À l’instigation du comité de sauvegarde, les sit-in devant le siège du club et les manifestations pacifiques dans les rues de la ville se sont multipliées pour réclamer sa démission. Ce dernier, pourtant, fait la sourde oreille et s’accroche tant bien que mal à son fauteuil. Principalement, disent certains, pour des raisons financières. « Il a fait toute sa vie ici, moi je le comprends » , le défend Kamel Yesli, diplomate : « Cela fait au moins 50 ans qu’il est à la JSK. Il a connu toutes les étapes une à une : joueur, entraîneur, dirigeant, président. On ne peut pas lui enlever le club. C’est comme mon père qui a été restaurateur toute sa vie, il a peur de partir à la retraite sous peine de déprimer. »
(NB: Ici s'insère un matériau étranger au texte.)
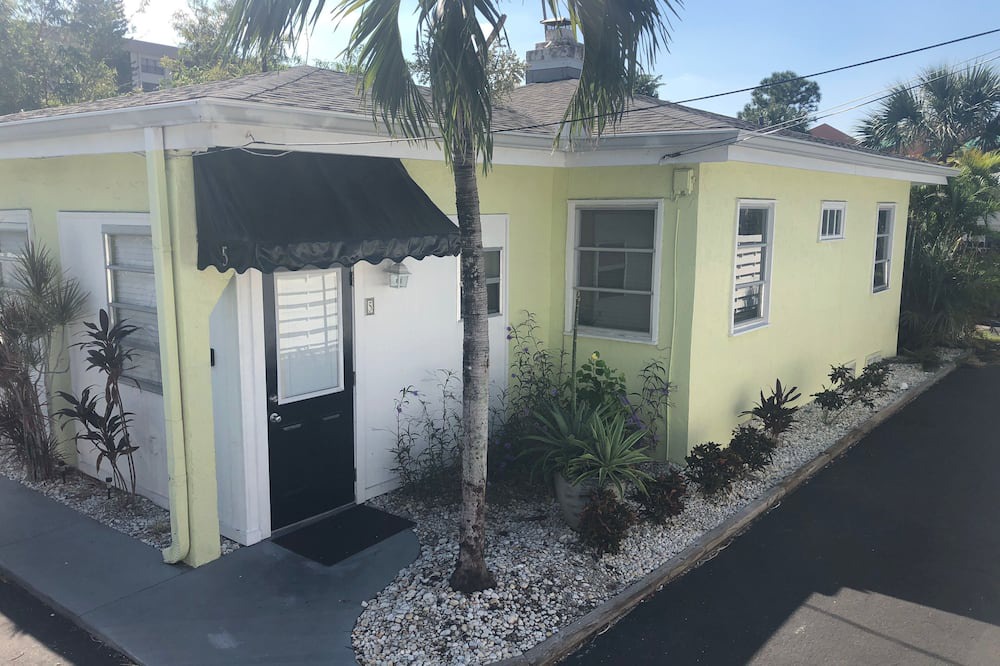 Sarasota House | Private Beach 1 Block To Lido Beach. 1/2 Mile St. Armand Circle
« Franchement, si on gagne, c’est un miracle »

Dans ce contexte explosif, le dernier entraînement du vendredi a des allures de répétition générale, avant le match à ne pas rater. « Cela va être chaud, c’est le premier match de la saison, le grand retour à domicile avec nos supporters. Les six derniers mois à huis clos, c’était horrible. L’ambiance du 1er-Novembre nous a beaucoup manqué » , reprend Yesli, qui attend la confrontation du lendemain avec un regard de peur et d’impatience mêlées. « C’est normal, la pression est intense. Pour les supporters algériens, le foot c’est une religion » décrypte Elyès Seddiki, en caressant son crâne dégarni : « Ils attendent beaucoup de leur équipe, on doit gagner chaque match. Avec une victoire, on est les rois du monde. Mais l’inverse est aussi vrai. Il n’y a pas de demi-mesure. » Il faut dire que la JSK n’est pas un club comme les autres. Ce qui fait le charme, le prestige et la renommée de l’équipe, c’est avant tout son volet identitaire. Un peu à la manière du Barça – une référence dans toute la région – la JSK est un étendard qui fait la fierté des Kabyles. « Ils ne sont pas heureux de la situation actuelle et nous le font savoir très souvent » explique Kamel, particulièrement en forme à l’entraînement : « C’est une région de rebelles, d’opposition au pouvoir, qui ne se laisse pas faire. Quand on porte ce maillot, on doit aussi défendre cette idée, comme un symbole. » Sous protection policière, les derniers ateliers se déroulent donc dans une ambiance studieuse et concentrée, même si les centres arrivent rarement à destination, au grand désarroi du staff. « Franchement, si on gagne demain contre Constantine, ça sera un miracle » , déplore Abdel, avant de s’éclipser.

Samedi, 18 heures. Le choc tant attendu débute sous les encouragements d’un public venu nombreux et motivé. Dans une première période équilibrée, les rares opportunités sont détournées par des gardiens efficaces. Il faut attendre la seconde période pour voir les débats s’animer. Plus à l’aise, les visiteurs prennent le jeu à leur compte grâce au Malgache Paulin Voavy, qui martyrise la défense kabyle. Ce dernier ouvre finalement la marque à la 72e minute de jeu, en concluant un joli une-deux d’une frappe sèche au ras du poteau droit. Les filets tremblent, la messe est dite. Confondant vitesse et précipitation, les attaquants de la JSK ne marqueront pas, même si Diawara ratera l’égalisation de peu dans le temps additionnel.

À la sortie du match, le coach Karouf est désolé face à la presse : « Je dois dire que les choses n’ont pas été faciles pour nous cette semaine. Beaucoup de choses ont été dites sur l’équipe et cela nous a fait perdre confiance. » Et d’avouer dans la foulée, dans une dernière lueur d’optimisme : « Ce n’est que la première journée de championnat. Nous allons maintenant faire en sorte de corriger nos lacunes à l’avenir. Il ne faut pas baisser les bras, ce n’est que le début. » Enfin, pour le coach, c’est déjà la fin. D’un simple SMS, le président Hannachi, en vacances en France, l’a démis de ses fonctions le lendemain. De quoi faire monter la température de quelques degrés encore dans les artères asséchées de la ville. En attendant le derby explosif de samedi prochain contre Bejaia, les ventilateurs tournent déjà à plein régime.